That is significantly harder to do than writing an implementation from tests, especially for codebases that previously didn't have any testing infrastructure.
If you’ve actually tried this, and actually read the results, you’d know this does not work well. It might write a few decent tests but get ready for an impressive number of tests and cases but no real coverage.

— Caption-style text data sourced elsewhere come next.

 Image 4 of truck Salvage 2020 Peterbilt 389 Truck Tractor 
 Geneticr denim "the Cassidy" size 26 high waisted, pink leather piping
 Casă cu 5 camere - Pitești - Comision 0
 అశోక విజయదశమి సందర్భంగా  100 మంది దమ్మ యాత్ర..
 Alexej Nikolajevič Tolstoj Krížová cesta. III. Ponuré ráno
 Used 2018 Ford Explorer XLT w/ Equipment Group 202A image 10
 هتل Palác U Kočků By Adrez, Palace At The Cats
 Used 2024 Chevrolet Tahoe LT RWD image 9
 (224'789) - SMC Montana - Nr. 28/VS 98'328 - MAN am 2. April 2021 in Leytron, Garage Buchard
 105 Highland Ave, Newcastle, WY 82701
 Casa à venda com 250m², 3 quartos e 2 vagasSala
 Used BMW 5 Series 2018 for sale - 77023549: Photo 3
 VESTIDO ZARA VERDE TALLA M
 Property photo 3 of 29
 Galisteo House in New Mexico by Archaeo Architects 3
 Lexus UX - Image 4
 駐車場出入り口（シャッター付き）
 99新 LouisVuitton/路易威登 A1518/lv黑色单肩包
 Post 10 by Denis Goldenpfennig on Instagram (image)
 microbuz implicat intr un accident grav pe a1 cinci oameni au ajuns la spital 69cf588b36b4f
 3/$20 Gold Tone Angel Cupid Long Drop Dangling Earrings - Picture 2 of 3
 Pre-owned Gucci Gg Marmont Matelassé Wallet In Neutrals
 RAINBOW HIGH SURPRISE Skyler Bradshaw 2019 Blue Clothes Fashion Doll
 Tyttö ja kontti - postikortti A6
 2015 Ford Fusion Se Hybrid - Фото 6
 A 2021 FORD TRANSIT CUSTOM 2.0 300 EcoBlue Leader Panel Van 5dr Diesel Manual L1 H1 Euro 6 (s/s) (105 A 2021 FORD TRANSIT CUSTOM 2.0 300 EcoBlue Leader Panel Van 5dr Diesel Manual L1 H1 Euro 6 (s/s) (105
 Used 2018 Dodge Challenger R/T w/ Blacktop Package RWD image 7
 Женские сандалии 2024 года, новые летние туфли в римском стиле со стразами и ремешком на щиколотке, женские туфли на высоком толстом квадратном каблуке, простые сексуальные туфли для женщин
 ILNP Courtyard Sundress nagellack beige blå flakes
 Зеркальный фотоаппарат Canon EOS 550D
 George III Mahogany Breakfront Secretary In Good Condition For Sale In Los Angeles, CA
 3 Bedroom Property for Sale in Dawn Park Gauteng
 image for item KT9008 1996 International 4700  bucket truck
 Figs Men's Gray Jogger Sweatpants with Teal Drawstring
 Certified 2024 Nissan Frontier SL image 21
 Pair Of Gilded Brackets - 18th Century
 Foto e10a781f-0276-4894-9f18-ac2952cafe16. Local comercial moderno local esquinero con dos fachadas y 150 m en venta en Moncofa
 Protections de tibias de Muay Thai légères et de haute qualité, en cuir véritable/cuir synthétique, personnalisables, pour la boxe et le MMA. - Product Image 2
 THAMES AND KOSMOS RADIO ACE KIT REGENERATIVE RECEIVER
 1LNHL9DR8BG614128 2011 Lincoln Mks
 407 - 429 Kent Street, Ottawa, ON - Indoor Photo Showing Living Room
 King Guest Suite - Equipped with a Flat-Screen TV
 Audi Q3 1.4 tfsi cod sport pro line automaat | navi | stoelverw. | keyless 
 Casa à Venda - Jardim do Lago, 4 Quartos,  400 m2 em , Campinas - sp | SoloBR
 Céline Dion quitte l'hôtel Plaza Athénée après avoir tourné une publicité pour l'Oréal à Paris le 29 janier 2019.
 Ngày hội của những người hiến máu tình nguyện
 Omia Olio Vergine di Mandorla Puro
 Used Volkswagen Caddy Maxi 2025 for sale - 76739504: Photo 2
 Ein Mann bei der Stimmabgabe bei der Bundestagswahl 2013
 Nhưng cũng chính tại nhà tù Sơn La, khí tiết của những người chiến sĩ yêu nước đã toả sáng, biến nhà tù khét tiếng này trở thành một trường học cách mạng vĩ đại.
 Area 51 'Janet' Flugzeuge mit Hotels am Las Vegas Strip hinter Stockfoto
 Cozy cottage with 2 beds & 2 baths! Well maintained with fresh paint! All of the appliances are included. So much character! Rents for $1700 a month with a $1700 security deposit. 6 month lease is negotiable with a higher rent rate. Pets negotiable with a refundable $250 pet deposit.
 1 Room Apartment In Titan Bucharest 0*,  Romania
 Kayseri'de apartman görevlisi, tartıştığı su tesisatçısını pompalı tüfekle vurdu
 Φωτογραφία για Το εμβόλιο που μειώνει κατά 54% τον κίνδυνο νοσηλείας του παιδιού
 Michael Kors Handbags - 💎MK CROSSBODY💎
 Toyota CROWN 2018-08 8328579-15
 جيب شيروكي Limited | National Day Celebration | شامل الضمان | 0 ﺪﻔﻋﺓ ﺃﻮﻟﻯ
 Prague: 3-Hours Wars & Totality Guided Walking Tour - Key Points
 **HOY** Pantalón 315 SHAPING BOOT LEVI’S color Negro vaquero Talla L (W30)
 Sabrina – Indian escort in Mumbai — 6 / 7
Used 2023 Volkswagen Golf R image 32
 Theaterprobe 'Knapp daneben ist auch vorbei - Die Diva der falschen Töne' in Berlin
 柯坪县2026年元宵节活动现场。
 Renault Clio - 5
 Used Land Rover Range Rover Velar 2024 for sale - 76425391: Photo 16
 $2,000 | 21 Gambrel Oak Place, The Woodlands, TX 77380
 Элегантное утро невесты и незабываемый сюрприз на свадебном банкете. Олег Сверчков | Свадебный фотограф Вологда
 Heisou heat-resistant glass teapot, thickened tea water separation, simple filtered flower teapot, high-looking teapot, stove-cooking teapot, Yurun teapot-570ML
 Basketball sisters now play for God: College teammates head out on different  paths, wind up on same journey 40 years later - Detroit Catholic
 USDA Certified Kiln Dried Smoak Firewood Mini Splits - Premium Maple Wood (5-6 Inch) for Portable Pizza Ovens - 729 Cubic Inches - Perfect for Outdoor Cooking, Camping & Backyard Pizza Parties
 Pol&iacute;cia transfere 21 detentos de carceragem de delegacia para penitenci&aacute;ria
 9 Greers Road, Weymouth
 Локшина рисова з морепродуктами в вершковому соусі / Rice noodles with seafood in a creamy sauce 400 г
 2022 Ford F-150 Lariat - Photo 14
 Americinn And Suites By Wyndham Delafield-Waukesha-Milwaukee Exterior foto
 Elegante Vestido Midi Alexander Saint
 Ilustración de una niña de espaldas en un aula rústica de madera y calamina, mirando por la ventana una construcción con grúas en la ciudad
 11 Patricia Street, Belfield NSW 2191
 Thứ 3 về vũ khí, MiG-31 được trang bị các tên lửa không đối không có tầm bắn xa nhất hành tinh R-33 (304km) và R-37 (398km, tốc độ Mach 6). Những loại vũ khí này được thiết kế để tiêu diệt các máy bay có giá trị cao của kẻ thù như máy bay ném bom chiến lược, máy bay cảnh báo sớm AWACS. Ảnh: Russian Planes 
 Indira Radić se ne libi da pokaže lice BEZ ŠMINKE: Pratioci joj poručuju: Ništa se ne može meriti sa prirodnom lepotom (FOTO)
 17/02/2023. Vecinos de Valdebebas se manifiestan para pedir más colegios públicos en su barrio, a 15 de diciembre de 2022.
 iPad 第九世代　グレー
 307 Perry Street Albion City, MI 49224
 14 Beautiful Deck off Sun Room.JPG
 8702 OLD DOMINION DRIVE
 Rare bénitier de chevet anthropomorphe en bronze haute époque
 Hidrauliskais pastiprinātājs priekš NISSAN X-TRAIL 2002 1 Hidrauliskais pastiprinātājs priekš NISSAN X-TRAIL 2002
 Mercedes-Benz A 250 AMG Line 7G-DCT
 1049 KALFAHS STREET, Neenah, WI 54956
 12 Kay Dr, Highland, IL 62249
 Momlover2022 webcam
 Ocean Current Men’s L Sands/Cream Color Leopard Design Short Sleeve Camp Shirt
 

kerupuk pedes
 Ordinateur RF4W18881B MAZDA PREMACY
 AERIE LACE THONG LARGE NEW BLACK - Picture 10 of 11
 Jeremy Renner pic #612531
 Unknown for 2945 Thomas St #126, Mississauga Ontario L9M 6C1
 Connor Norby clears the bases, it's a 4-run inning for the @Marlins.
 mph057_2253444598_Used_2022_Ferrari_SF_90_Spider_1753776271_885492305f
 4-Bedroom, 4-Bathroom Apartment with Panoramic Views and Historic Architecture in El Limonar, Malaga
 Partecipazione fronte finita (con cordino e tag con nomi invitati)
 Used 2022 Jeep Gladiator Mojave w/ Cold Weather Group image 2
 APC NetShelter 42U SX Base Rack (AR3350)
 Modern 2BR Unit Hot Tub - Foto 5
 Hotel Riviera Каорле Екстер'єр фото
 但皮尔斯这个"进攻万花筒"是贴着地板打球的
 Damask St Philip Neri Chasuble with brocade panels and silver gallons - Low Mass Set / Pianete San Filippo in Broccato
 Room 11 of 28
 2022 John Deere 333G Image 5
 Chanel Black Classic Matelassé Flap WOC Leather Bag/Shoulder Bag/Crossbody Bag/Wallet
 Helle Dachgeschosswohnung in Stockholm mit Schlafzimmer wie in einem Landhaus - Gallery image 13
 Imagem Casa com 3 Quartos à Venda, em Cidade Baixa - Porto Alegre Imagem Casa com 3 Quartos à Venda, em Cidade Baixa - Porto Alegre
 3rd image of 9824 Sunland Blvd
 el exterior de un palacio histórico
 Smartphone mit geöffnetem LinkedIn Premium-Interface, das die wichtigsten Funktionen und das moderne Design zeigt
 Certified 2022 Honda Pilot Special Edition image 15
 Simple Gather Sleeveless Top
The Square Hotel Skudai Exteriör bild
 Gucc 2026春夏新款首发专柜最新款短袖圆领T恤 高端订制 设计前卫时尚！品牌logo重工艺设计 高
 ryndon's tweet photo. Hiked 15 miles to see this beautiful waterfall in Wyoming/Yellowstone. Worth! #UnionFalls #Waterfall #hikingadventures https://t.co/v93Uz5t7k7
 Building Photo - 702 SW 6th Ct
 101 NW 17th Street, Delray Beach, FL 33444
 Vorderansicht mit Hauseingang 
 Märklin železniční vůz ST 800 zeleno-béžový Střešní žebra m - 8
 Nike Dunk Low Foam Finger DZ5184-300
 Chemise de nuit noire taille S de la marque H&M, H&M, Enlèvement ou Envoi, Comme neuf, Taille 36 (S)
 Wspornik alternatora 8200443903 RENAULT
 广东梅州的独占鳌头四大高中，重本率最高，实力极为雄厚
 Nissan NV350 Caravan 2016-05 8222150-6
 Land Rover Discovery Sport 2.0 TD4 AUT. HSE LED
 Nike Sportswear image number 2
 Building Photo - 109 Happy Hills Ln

I did this literally 2 days ago and it churned for a while and spit out hundreds of tests! Great news right? Well, no, they did stupid things like “Create an instance of the class (new MyClass), now make sure it’s the right class type”. It also created multiple tests that created maps then asserted the values existed and matched… matched the maps it created in the test… without ever touching the underlying code it was supposed to be testing.
I’ve tested this on new codebases, old codebases, and vibe coded codebases, the results vary slightly and you absolutely can use LLMs to help with writing tests, no doubt, but “Just throw an agent at it” does not work.
If it can't measure whether it is succeeding in increasing code coverage, no wonder it doesn't do that great a job in increasing it.
Also, it can help if you have a pair of agents (which could even be just two different instances of the same agent with different prompting) – one to write tests, and one to review them. The test-writing agent writes tests, and submits them as a PR; the PR-reviewing agent read the PR and provides feedback; the test-writing agent updates the tests in response to the feedback; iterate until the PR-reviewing agent is satisfied. This can produce much better tests than just an agent writing tests without any automated review process.